Friday, April 08, 2011

Priest made child protection trainer despite controversy

CLERICAL abuse victims have expressed horror at a decision by the Diocese of Cloyne to appoint a child protection delegate who was forced to step down to the diocese’s child protection training committee.

Fr Bill Bermingham stepped down from his role as Cloyne’s child protection delegate last summer after clerical abuse victims expressed disgust at his decision to show victims’ statements to accused priests and their solicitors before gardaí interviewed them.

He is now one of eight people sitting on the diocese’s child protection training committee which is chaired by Con Lynch.

Last night a Cloyne clerical abuse victim said: "I am sickened that this is possible, that this man could be put in charge of training priests and lay people about best child protection practice. I cannot believe that the Church would even consider this after Fr Bermingham blatantly abused our trust. It can take victims up to 30 years to make a statement and then to have victims’ trust breached like that again is appalling. "

Chief executive of One in Four, Maeve Lewis, last night said: "Given the history of this man as a child protection delegate and given his complete misunderstanding of or failure to properly manage child protection guidelines, I do not think that he is suitable for training people in this area."

A spokesman for the diocese last night said Fr Bermingham had "no role in the management in the clerical abuse cases" and was just "overseeing the training of priests and lay people and helping to develop diocesan policy".

At the end of last year, Fr Bermingham was replaced as child protection delegate by a lay person and former HSE social worker, Bill Meagher.

Fr Bermingham himself was drafted into the role in 2008 when Bishop John Magee’s long-time child protection delegate, Monsignor Denis O’Callaghan stepped down in the face of strong criticism of the diocese’s handling of abuse by the National Board for Safeguarding Children (NBSC).

Meanwhile, the High Court will shortly hear an application by the Minister for Justice as to what parts of the Murphy Commission report into the handling of child sex abuse allegations in Cloyne should be published.

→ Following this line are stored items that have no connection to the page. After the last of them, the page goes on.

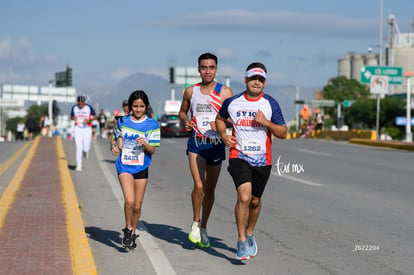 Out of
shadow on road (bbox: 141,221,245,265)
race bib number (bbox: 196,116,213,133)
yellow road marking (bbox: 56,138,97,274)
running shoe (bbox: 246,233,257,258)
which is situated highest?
race bib number (bbox: 196,116,213,133)

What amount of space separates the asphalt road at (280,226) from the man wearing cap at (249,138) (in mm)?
494

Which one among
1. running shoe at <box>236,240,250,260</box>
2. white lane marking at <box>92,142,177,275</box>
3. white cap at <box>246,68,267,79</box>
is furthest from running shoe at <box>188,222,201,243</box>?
white cap at <box>246,68,267,79</box>

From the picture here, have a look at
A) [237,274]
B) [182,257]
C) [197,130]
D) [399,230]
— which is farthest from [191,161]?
[399,230]

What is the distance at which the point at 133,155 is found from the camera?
25.4 ft

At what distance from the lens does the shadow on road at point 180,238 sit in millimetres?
7768

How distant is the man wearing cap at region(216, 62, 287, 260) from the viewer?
7.00 metres

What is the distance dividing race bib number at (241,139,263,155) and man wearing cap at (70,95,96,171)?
11.1 meters

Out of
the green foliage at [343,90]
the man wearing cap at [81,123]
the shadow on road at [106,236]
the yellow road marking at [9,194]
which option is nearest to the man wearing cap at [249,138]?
the shadow on road at [106,236]

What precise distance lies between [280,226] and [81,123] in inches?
380

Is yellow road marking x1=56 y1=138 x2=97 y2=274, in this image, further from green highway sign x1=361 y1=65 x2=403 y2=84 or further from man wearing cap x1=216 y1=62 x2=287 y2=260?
green highway sign x1=361 y1=65 x2=403 y2=84

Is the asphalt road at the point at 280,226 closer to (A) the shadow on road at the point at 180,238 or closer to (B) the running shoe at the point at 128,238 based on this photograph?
(A) the shadow on road at the point at 180,238

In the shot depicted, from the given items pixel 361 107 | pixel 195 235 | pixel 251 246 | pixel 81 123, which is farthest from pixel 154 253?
pixel 361 107

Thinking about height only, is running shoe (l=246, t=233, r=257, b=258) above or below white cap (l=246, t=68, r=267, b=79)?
below

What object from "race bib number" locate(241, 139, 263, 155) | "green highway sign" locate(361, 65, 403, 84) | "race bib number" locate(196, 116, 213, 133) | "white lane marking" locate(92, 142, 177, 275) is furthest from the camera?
"green highway sign" locate(361, 65, 403, 84) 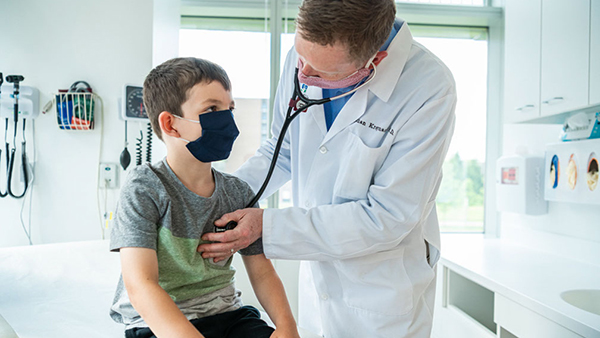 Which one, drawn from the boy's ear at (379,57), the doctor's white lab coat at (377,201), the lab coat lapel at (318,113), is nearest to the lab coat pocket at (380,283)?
the doctor's white lab coat at (377,201)

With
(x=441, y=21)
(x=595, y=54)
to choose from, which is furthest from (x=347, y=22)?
(x=441, y=21)

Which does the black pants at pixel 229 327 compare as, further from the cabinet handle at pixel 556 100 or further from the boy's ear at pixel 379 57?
the cabinet handle at pixel 556 100

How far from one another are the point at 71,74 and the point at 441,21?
236 cm

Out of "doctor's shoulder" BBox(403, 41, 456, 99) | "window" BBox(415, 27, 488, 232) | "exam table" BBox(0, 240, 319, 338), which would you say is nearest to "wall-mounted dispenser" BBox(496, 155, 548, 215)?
"window" BBox(415, 27, 488, 232)

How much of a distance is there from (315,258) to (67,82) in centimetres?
189

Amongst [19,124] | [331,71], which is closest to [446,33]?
[331,71]

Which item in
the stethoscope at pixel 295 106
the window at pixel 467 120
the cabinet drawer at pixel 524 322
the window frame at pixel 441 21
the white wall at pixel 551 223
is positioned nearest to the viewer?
the stethoscope at pixel 295 106

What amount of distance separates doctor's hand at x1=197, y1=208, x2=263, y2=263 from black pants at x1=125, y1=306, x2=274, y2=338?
15 cm

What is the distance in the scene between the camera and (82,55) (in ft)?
7.52

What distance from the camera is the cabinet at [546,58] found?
5.63ft

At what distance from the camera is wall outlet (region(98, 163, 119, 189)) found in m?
2.30

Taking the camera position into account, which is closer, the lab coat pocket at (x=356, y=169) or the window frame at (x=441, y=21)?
the lab coat pocket at (x=356, y=169)

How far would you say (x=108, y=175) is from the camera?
2.31 m

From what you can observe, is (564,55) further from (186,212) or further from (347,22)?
(186,212)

The commission of investigation, set up by the minister, has prepared a report into the handling by the Church and by state authorities of allegations of child sexual abuse against clerics operating in the diocese, which covers north and east Cork, between January 1, 1996, and February 1, 2009.

The report, which consists of 27 chapters, and relates to 19 clerics against whom complaints were made, was submitted to the minister on December 23.